Page MenuHomePhabricator

Storage capacity & redundancy expansion (tracking)
Closed, ResolvedPublic

Description

Expand total available capacity and redundancy of labs storage (cross-DC)

Event Timeline

coren created this task.Dec 31 2014, 2:41 PM
coren raised the priority of this task from to Needs Triage.
coren updated the task description. (Show Details)
coren added a project: Cloud-Services.
coren added a subscriber: coren.
coren moved this task from Triage to Stalled on the Cloud-Services board.Feb 10 2015, 9:22 PM
coren renamed this task from Storage capacity & redundancy expansion to Storage capacity & redundancy expansion (tracking).Feb 10 2015, 9:25 PM
coren triaged this task as Normal priority.
coren set Security to None.
coren moved this task from Stalled to Tracking on the Cloud-Services board.
coren added a comment.Mar 2 2015, 7:40 PM

The new shelf has been added, and configured. Actual expansion is pending on thin volumes, which itself requires a backport of a recent version of lvm2 (which is nearly complete) - Precise has no working thin volume support.
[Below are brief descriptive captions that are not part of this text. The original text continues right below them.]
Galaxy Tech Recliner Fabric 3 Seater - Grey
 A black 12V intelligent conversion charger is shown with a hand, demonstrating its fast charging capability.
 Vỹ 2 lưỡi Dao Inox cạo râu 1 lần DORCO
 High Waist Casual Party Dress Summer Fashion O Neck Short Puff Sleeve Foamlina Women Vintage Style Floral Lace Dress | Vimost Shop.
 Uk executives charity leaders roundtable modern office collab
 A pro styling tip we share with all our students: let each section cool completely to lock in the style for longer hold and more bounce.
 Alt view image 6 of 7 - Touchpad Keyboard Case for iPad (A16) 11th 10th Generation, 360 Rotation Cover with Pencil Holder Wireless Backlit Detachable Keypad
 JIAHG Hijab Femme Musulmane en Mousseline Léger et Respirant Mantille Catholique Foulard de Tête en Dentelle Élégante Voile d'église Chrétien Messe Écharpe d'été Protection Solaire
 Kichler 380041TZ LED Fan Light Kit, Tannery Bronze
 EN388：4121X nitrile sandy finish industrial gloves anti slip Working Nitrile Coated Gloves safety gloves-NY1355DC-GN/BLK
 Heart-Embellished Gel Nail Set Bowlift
(Upgrading labstore1001 [to Jessie] has been considered, but given the long downtime and the recent outages we decided against hitting the users again so soon)

coren added a subscriber: faidon.Mar 5 2015, 2:20 PM

Hardware happy in place and visible to the OS.

After another discussion with @faidon that concluded:
<Coren> paravoid: So you think it's better to Jessie up 1002 and switch to that instead?
<paravoid> I think so, yes

That plan involves a (brief) downtime for the switchover, less than 10 minutes, but is futureproof.

scfc added a subscriber: scfc.Mar 5 2015, 3:38 PM

Dumb question: IIRC there are two disk arrays each connected to two NFS servers? Switching between the NFS servers requires clients to remount everything (aka reboot)?

Change 194537 had a related patch set uploaded (by coren):
labstore1002 to Jessie

https://gerrit.wikimedia.org/r/194537

coren added a comment.Mar 5 2015, 3:56 PM

@scfc: No, the NFS fsids are the same and the actual service IP is floating, so no remount is required from the clients.

coren added a comment.Mar 9 2015, 1:11 PM

The new filesystem is active and in place; the rsync is in progress (currently at iowait -c Idle) but will take some time. I'll discuss giving it more bandwidth during the ops meeting.

So here is the current picture:

  • The new filesystem on thin volumes is in place and contains a copy of the live filesystem, but rsync is unable to keep up with the rate of change so actual downtime is unavoidable to do the actual switchover (a dry run at ionice takes ~20 hours!)
  • The new filesystem properly does snapshotting; we have local backups available
  • Replication of the latest snapshot to codfw works, but has performance issues until proper exclusions are put in place
  • All of those processes are tested and fully working over the new filesystem (which is not the live one)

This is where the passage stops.